Work order:
Starting at the line that contains "Personalised Cool Vertical" and ending at the line that contains "104-Key Full-Size Mechanical", the lines below are to be given again exactly, with nothing added.

Scraped caption text data:
──────
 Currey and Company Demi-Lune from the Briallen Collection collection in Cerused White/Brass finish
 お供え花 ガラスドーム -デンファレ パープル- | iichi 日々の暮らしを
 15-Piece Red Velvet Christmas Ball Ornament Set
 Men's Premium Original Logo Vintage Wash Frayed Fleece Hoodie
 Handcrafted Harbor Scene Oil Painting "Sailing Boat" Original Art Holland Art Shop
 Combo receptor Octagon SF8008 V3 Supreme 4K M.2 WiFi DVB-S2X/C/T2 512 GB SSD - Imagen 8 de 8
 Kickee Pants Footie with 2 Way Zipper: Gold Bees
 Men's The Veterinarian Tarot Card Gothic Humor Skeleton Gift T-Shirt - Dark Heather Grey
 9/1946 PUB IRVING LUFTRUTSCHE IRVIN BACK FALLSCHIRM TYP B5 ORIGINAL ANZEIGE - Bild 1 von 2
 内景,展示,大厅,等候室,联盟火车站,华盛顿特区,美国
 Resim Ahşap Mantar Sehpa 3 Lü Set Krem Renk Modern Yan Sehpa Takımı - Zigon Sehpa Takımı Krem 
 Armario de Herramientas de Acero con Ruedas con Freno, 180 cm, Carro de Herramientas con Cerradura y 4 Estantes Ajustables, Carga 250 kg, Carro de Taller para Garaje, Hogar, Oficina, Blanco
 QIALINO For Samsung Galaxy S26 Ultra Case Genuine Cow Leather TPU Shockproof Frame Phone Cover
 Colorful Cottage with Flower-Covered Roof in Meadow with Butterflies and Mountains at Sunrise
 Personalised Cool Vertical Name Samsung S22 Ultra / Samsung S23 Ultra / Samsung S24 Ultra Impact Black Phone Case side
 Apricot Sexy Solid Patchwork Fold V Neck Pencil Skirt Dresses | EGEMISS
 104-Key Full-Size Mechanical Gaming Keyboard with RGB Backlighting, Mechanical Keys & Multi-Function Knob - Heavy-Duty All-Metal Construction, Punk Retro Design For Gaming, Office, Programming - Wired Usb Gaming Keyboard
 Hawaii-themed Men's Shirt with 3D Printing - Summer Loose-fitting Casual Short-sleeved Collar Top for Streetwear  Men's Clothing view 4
──────
Result:
 Personalised Cool Vertical Name Samsung S22 Ultra / Samsung S23 Ultra / Samsung S24 Ultra Impact Black Phone Case side
 Apricot Sexy Solid Patchwork Fold V Neck Pencil Skirt Dresses | EGEMISS
 104-Key Full-Size Mechanical Gaming Keyboard with RGB Backlighting, Mechanical Keys & Multi-Function Knob - Heavy-Duty All-Metal Construction, Punk Retro Design For Gaming, Office, Programming - Wired Usb Gaming Keyboard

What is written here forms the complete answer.